Figuring out how to attract passionate devotion is not a simple process. The discovery of our seven secrets of magnetic service came through intense study of a number of cult-like brands. We studied companies as diverse as USAA Insurance, Universal Studios, Ritz-Carlton Hotels, the Mansion at Turtle Creek Hotel and Restaurant, Sewell Village Cadillac, and Harley-Davidson Motor Company - all organizations that have a very large share of groupies. Our intent was to look for patterns or practices that seemed to yield customer devotion.
Whether posh or penny-pinching, the difference between remarkable and run of the mill lay not with the price the customer was required to pay but rather the value the customer felt privileged to experience. We also found that though these companies used their own vocabulary to describe their approach, their values and practices were quite similar and transferable in principle to many other kinds of organizations. These shared stories led us to seven secrets for creating passionately devoted customers.
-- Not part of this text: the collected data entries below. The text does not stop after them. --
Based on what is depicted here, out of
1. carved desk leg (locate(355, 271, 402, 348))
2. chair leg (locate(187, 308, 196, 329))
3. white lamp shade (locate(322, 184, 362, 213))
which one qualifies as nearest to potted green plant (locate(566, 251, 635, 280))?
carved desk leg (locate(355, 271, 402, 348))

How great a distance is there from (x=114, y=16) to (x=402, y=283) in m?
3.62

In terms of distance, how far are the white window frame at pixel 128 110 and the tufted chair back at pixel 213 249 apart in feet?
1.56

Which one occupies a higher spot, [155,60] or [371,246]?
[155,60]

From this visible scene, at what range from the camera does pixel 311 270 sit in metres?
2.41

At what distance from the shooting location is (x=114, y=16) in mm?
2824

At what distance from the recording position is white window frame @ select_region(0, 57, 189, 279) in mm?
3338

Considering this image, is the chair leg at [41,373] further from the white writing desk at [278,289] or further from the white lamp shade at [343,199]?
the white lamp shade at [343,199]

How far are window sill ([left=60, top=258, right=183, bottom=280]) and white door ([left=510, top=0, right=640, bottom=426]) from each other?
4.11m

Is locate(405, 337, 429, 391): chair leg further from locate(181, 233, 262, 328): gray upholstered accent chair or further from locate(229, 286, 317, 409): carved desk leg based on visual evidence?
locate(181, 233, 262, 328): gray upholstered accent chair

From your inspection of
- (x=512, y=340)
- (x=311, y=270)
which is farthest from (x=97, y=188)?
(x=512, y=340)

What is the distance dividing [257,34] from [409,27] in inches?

Secret # 1: Make Trust a Verb
The rock-bottom basis of magnetic service is trust, but the basis of customer trust is always changing. Every experience the customer has with any service provider alters the standard for every other service provider. Magnetic service is malleable and agile enough to stay up with the customer's evolving requirements for trust. Trust is also multifaceted. It comes in part from a belief that a great service experience was not serendipity. While customers may be infatuated by an enchanting fluke, their ongoing allegiance is anchored to pursuit of experiences they feel can be replicated time and time again.
Trust starts with authenticity -- we trust another when we perceive his or her motives are genuine or credible. Trust emanates from communication that contains crystal clear content as well as empathic "I care about you" consideration. Trust comes from a track record of promises made paralleled with promises kept. Trust is made of demonstrated competence that leaves customers assured they are dealing with someone with the capacity to perform. Magnetic service providers work to honor and demonstrate all these features of trust in their relationships with customers.
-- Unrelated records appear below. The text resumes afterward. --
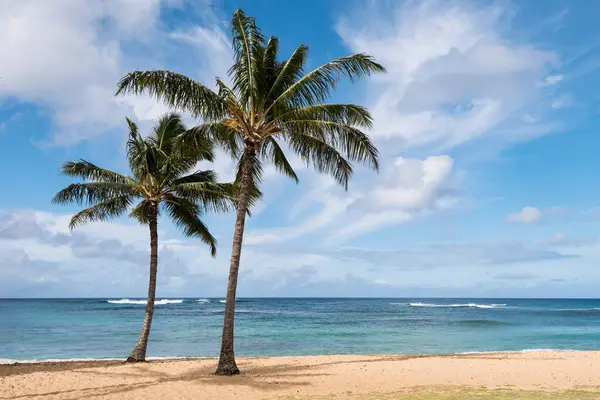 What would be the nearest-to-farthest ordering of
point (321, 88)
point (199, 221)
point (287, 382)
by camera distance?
point (287, 382)
point (321, 88)
point (199, 221)

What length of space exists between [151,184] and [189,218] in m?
1.99

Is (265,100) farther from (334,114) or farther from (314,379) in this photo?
(314,379)

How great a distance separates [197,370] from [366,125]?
8.84 metres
Secret # 2: Focus on the Customer's Hopes, Not Just Needs
"The purpose of an organization," wrote management guru Peter Drucker, "is to create and keep a customer." All the financials are just tools for keeping score on how well that purpose is being achieved. "Serving a customer" means the organization must meet customers' needs while at a minimum fulfilling their expectations for what the process will be like for getting that need met. Perform that task adequately and you will probably survive. Perform that task well and you will probably succeed.
Magnetic service goes well beyond the "probably succeed" level. Magnetic service providers know that under the surface of the presented or obvious customer need lies the customer's hopes and wishes for what might happen. With those hopes are also aspirations, dreams, and even unconscious needs. Magnetic service providers know that tapping into this reservoir not only enables them to earn the customer's loyalty, it ensures they solidify that loyalty by anticipating future needs. The goal here is revelation, an enriched dialogue to surface those unspoken customer aims and ambitions so they can become the target of serving.
Secret #3: Add "Charisma" to the Service Mix
Attracting customer devotion requires a stand that calls attention to the experience. It is a position that is exciting, bold, and somewhat daring. One person we interviewed told us his service was magnetic when it had an unexpected spin to it. In other words, it was not just more than the customer expected, it was different from what the customer expected.
There is nothing subtle about the impact of magnetic service. It hits its target in a fashion that leaves behind a positive emotional afterglow. The nature of the engagement is personal and moving. People are favorably attracted to service providers when there is an emotional link. And, when that link is profound without being imprudent, congruent without being presumptuous, and purposeful without being manipulative, it makes doing business with you a treasured relationship.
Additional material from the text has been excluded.